Criminal law also proscribes symbols that are strongly identified with the Nazi Party (such as the Swastika) or that are symbols used often by neo-Nazi successor organizations or racist organizations in general.

There is a debate about whether the German NPD is National Socialist and there have been attempts to ban it.

====Mein Kampf====
Printing and public distribution of Hitler's book Mein Kampf was not allowed by the copyright holder, the state of Bavaria, which acquired the copyright after Hitler's death in 1945 since it was the location of his official residence. The copyright expired at the end of 2015. Private ownership and trade is allowed so long as it does not "promote hatred or war". The lesser-known "Second Book" is legal to print and trade, but it appears on the Index.

====Holocaust denial====

Holocaust denial is a crime in Germany. § 130(3) of the StGB (German penal code) reads:

He who, publicly or in assembly, approves, denies, or trivializes genocide committed under the regime of National Socialism in a way that is suitable to disturb the public peace, is subject to imprisonment up to 5 years or a monetary fine.

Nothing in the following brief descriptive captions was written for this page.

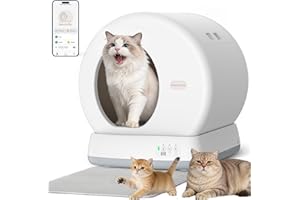 MeoWant Self Cleaning Cat Litter Tray, Integrated Safety Protection Automatic Cat Litter Tray for Multiple Cats, Extra Large/Odor Removal/APP Control Smart Robot Tray with Mat & Liner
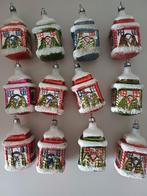 Oude kerstballen van glas huisjes, Ophalen of Verzenden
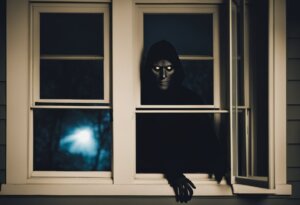 A figure with glowing eyes and a hooded cloak stands ominously outside a window at night, illuminated by moonlight, evoking the chilling aura of dream meanings related to home invasion.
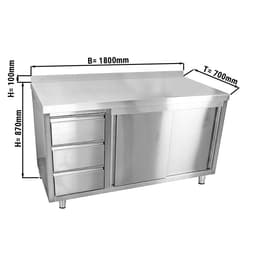 Edelstahl Arbeitsschrank ECO - 1800x700mm - mit 3 Schubladen links & Aufkantung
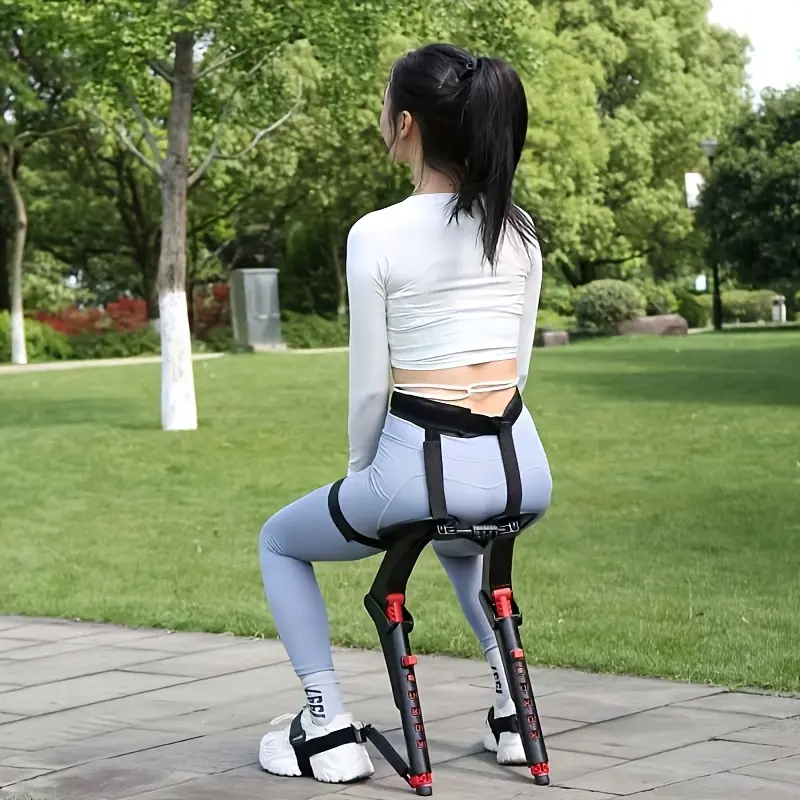 Adjustable Wearable Folding Stool - Portable Exoskeleton Chair with Lightweight ABS Frame, Ergonomic Design and Comfortable Cushion for Outdoors, Traveling, Fishing, Camping - Black, Foldable Chair Stool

Perpetrators of Holocaust denial can be tried in absentia and declared persona non grata, thus being barred from entering the country. Extradition treaties as relate to Holocaust denial are subject to political asylum pleas, but a persona non grata who enters Germany can be immediately arrested. Furthermore, a German arrest warrant based on the offense of Holocaust denial is deemed executable in many EU states, thus, a Holocaust denier's entry into any EU state could lead to arrest and extradition to Germany (or any other state where such denial is an offense, such as Austria, and which has issued an arrest warrant).

Among those who have been charged with Holocaust denial in Germany are the following:

- David Irving, who was declared persona non grata and has not returned to Germany;
- Germar Rudolf, who was sentenced to prison but fled jurisdiction; he was deported from the United States in 2005;
- Ernst Zündel, received a five-year prison sentence on February 15, 2007 in Germany,
- Fredrick Töben, an Australian citizen, who had an appointment with a German public prosecutor in Mannheim with whom he wanted to discuss Holocaust denial; at the end of the conversation with the prosecutor, Toben was presented an arrest warrant which the prosecutor had already obtained beforehand. A German court sentenced him to a prison sentence of ten months.